A closer look at the bronze sculpture by Henry Jackson Ellicott
The statue from another angle
Winfield Scott Hancock (1824-1886)
Backstory and Context
Text-to-speech Audio
Winfield Scott Hancock was born on February 14, 1824 in Montgomery County, Pennsylvania. Named after Winfield Scott, a U.S. Army officer who became a national hero during the War of 1812, he was one of two twin brothers. Hancock attended school in Norristown before securing an appointment to the United States Military Academy at West Point in 1840. Four years later, he graduated from the military institute, finishing eighteenth in a class of twenty-five. Soon after, under the command of his namesake, Hancock served in the Mexican War, sustaining a leg wound during the Battle of Churubusco in August 1847. Following the conflict, he held several administrative posts in Minnesota and Missouri before being stationed at Fort Leavenworth during “Bleeding Kansas” and participating in a campaign against the Mormons in Utah.
When the Civil War broke out in the spring of 1861, Hancock was a quartermaster in southern California.

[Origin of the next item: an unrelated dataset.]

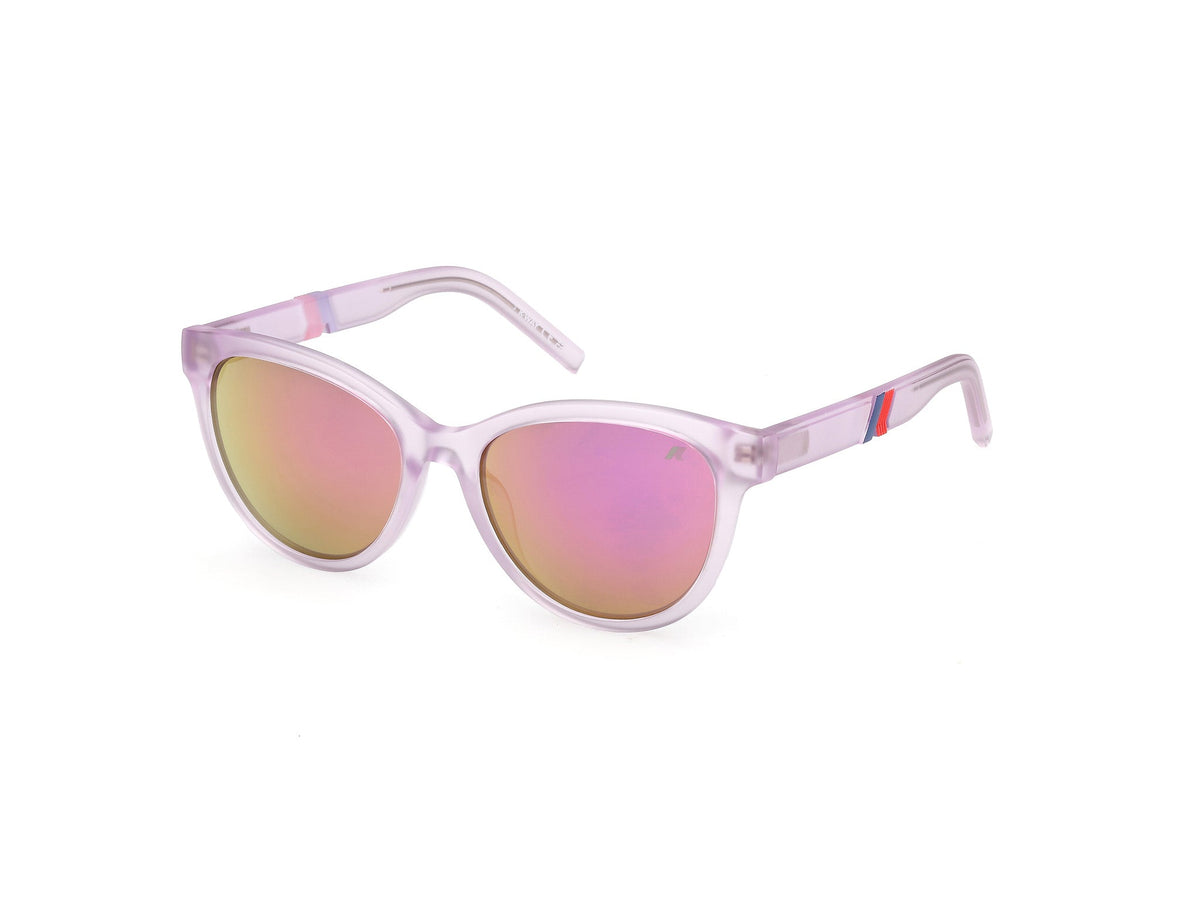 Gafas de Sol K-Way KW25 79Z 53 17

A Democrat, but a strong Union man, he remained in the U.S. Army. After a brief stint as quartermaster for General Robert Anderson in Kentucky, Hancock received a promotion to the rank of brigadier general of volunteers in September 1861 and took command of a brigade in General George McClellan’s Army of the Potomac. The following spring, he saw action in the Peninsula campaign, distinguishing himself at the Battle of Williamsburg. After the engagement, McClellan spoke glowing of Hancock’s performance, earning the Montgomery County native the nickname, “Hancock the Superb.” Later that same year, Hancock participated in the bloody battles at Antietam and Fredericksburg, and received a promotion to the rank of major general of volunteers. Following the Battle of Chancellorsville in the spring of 1863, he assumed command of the army of the Potomac’s II Corps. In early July of that year, Hancock commanded the Union center on Cemetery Ridge and successfully repulsed Pickett’s Charge on the third day of the Battle of Gettysburg. During the fighting, he suffered a serious wound, which sidelined him for several months. In 1864, Hancock took part in General Ulysses S. Grant’s Overland campaign, seeing combat during the Battle of the Wilderness, the Battle of Spotsylvania Court House, and the Battle of Cold Harbor. Near the end of that year, after being promoted to the rank of brigadier general in the regular army and still suffering from the effects of his injury at Gettysburg, he resigned his field command.
Following the conflict, Hancock oversaw the trial and execution of the Lincoln assassination conspirators in the spring and summer of 1865. He then briefly commanded the Middle Military Department before receiving a promotion to the rank of major general in the regular army and becoming head of the Department of the Missouri. While in the latter position, Hancock led a failed mission to negotiate with the Cheyenne and Sioux, during which federal troops burned an abandoned Cheyenne village. In 1867, he took command of the Fifth Military District, composed of Louisiana and Texas. Hancock’s deference to civil authorities drew the ire of the Radical Republicans in Congress, who sought to use federal military power to enforce African American suffrage in the states of the former Confederacy. When Grant became President of the United States, Hancock was assigned to command the Department of the Dakotas. During his time in the post, federal cavalry massacred roughly 200 Piegan Blackfeet in Montana Territory in January 1870. Two years later, Hancock returned to the East Coast to head the Department of the Atlantic. In 1880, he secured the Democratic Party’s nomination for President of the United States, but lost narrowly in the general election to Republican nominee James A. Garfield. Hancock died on February 9, 1886 at the age of sixty-one. His remains were interred in Norristown.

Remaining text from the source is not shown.